Ok, must get down the details about the allotment. Firstly I live in a working class area of Nantes, a big town in western France and we just bought a flat there 6 months ago. So obviously no garden. My flat is surrounded by enticing cement planters in which you could grow a ton of stuff, but you can't get to the bloody things because of window railings! Grrr... Anyway I have been on my town's waiting list for an allotment for 3 years and lo and behold they ring me over Christmas to tell me I can have one! Yippee!
I rocked on over there to check it out where I was met by "Jeannot" the old fella who looks after the association of allotment holders. He showed me the plot - it's 100 square metres, I guess thet is 300 square feet and it has a little shed, a water butt and soon will have a compost bin. It has been gardened a little so only a few weeds and just some grass growing, along with a few pathetic leeks. There are also a comunal shed where there is a fridge, coffeemaker etc (lots of empty beer bottles in the bin, that's a good sign) toilets, bins, a BBQ and a patch where the wrinklies play French bowls in the warmer weather. The allotments are in the park behind our building so in summer I can just stroll over - at the moment that path is flooded so it'll be on me bike.
Now it's true I don't have a lot of time at the moment but I have waited so long, I could not refuse. So I filled in my form (69 euros a year, seems reasonable) and am now officially an allotment holder. So now what the flock do I do?
OK, have no tools so rushed out and bought a pitchfork, spade and rake. Must be a good start.
On Saturday I'll go down and try and drag up as many weeds as possible, then try and get one of the old lads to accept the bribery of a case of beer to run his rotovator over the plot for me. I must have confidence in the solidarity of my fellow gardeners 'cos I don't have much in myself to be frank.
Next will have to decide what to plant. Tomatoes, ok that's a bit of a way off yet, but for the spring, I thought I might try some spinach, radishes, lettuce, start off not too ambitious or I'll be quickly in the shit. Peas yes, yum, snow peas (mangetout) and big sweet podding peas up big sticks. Sounds good. A few herbs. A lavender bush for bees. Actually I hate bees, terrified of them, but I know they are my friend and I must appear to be holding out the gardener's hand of friendship. Later on beans, spuds (something nice to eat, not big floury storing ones), beetroot, strawberries. Ideas of pastoral paradise.

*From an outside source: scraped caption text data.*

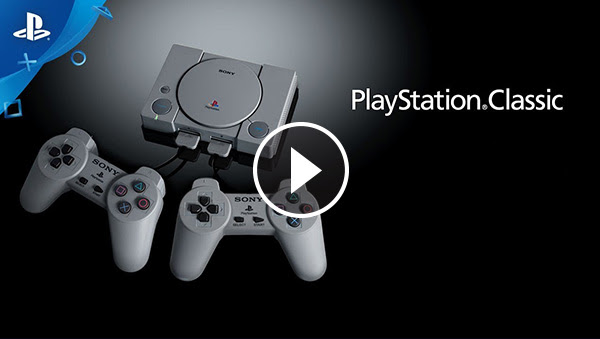 PlayStation®Classic.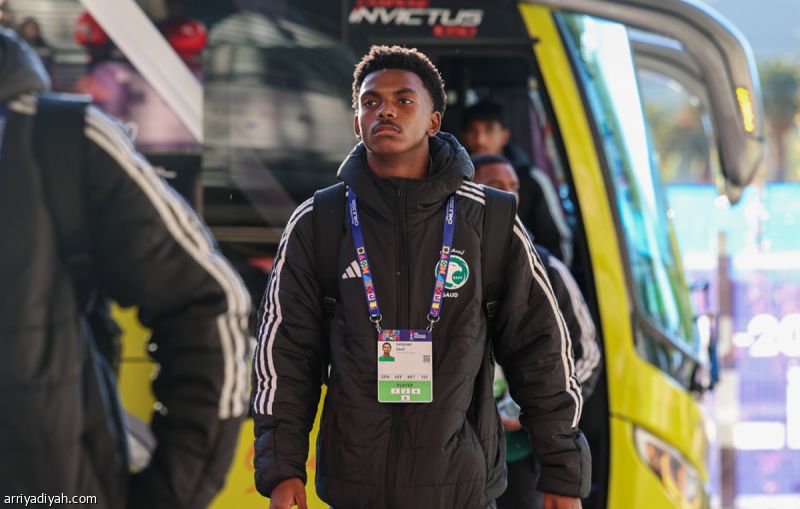 إصابة حقوي.. شد والفحص يحدد مشاركته امام نيجيريا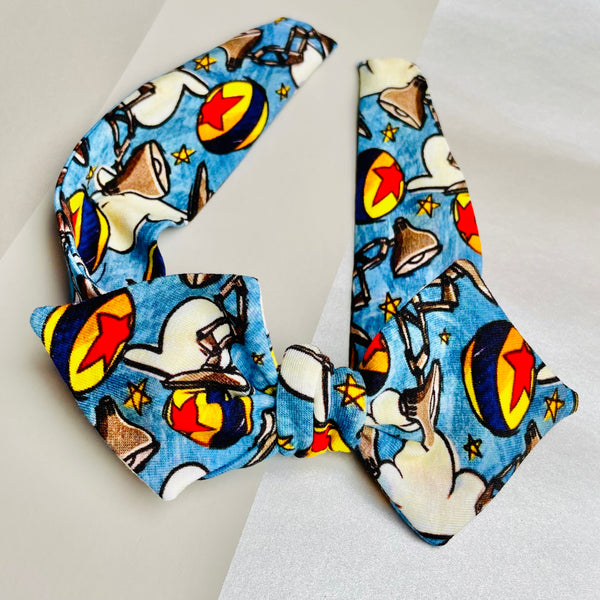 Pixar Fun Bow Band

Ah bollocks, I know full well that my lettuce will probably bolt, and my basil will go black and some bastard robin will probably eat all the strawberries once my back is turned but the IDEA is so tempting...growing your own food, that's a magic idea! It's man's biggest achievement when you think about it, bugger the internal combustion engine or heart transplants, when you can feed yourself at will, you're a step up on the evolutionary ladder. I feel somehow...evolved.